In the early hours of a bitter cold morning on January 15, 1956, a streetcar rolled along the Sunset-Hampton line that ran from Oak Cliff, crossed the Trinity River viaduct, and carried passengers through Downtown Dallas. For 66 years, the streetcar route would begin and end its day at the streetcar barns in Old East Dallas on the corner of Elm St & Peak St. 

But tonight was different. Tonight marked a turning point in both the life of this streetcar and the lives of all Dallas residents.

The era of the electric streetcar had begun in Dallas in March 1890. For workers, the streetcar offered an affordable alternative to walking long distances. For cities, it offered a cleaner form of transportation compared to horses or coal locomotives. At the height of operations, street car transportation would become so prolific that the Dallas Railway and Terminal Company boasted almost 400 streetcars and 200 miles of track in its operations that were roughly limited to the areas known today as Oak Lawn/Turtle Creek, Uptown, Downtown, Old East Dallas, and Oak Cliff.

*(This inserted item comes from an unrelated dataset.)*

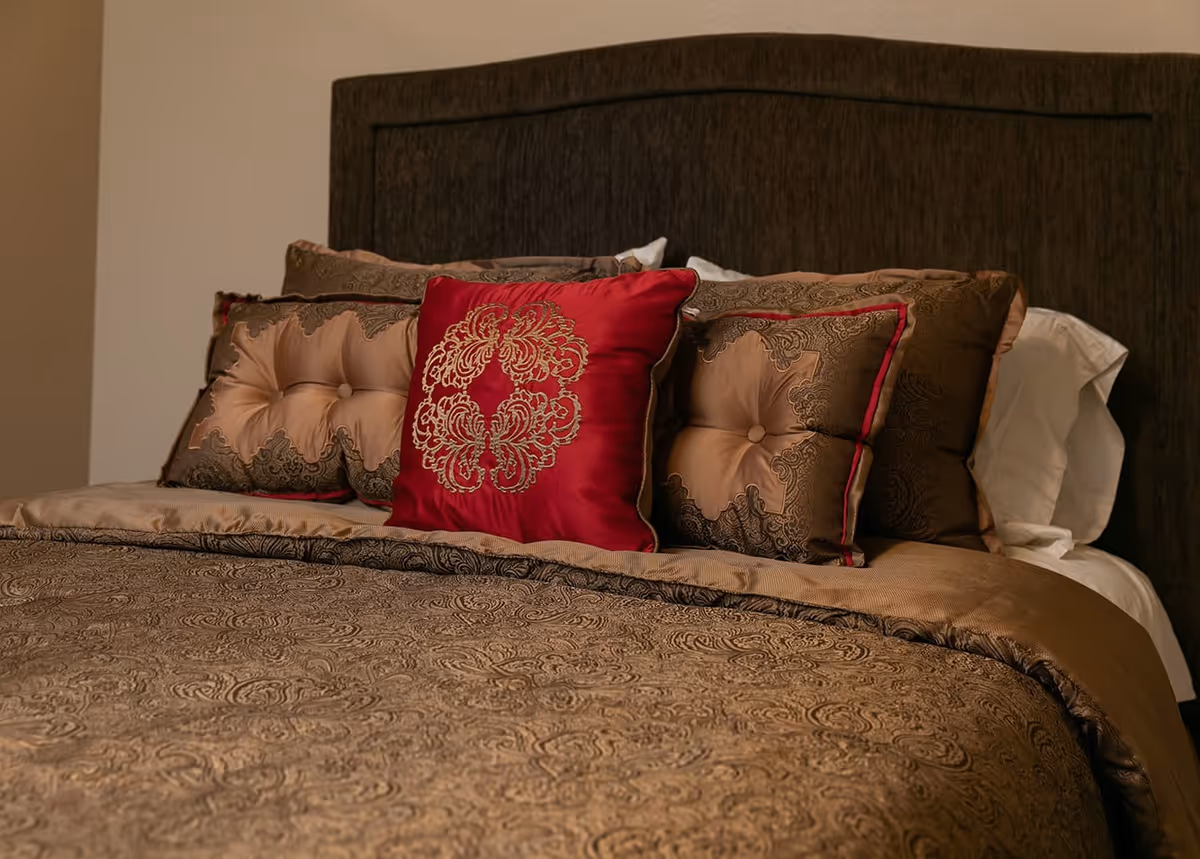 A neatly made bed with an ornate dark wooden headboard, decorated with multiple pillows including a prominent red pillow with gold embroidery, and a brown patterned bedspread.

By the late 1930s, the growing adoption of automobile and buses led cities to become more oriented towards automobile travel, which ultimately resulted in declining passenger traffic for streetcars.  High transportation demands brought by World War II breathed a few more years of life into the streetcar era in Dallas and other cities but by 1950 the end was in sight.  This would lead Dallas Mayor R.L. Thornton to declare that “Dallas will never be a modern city as long as it is tied to an antiquated, electric rail transit system”

But tonight on January 15th, 1956, the car was filled to standing room only as citizens of Dallas gathered together to say goodbye to an old friend.  They came in ones and twos and small knots of friends who boarded the streetcar as it trundled along its route, all anxious to be on the “last car”.  In fact, so many came that two cars—Nos. 776 & 772—were coupled so that almost 200 passengers could experience what they thought would be the “last trip” of streetcars in Dallas. Among those passengers were a man named Ed Landrum and his wife Paula.

33 years after that “last trip”, Ed Landrum and Phil Cobb would found the McKinney Avenue Transit Authority to run electric streetcars again along the historic red bricks of McKinney Avenue. As a result, the area around it has become one of the densest, most walkable, and most desirable locations in Dallas.

Now, 30 years later—and 64 years after that blustery January night—the M-LINE is bigger and better than ever and happy to share our history, and the history of streetcars in Dallas. We look forward to creating new history in Dallas with our many loyal fans and riders over the next 64 years and many more.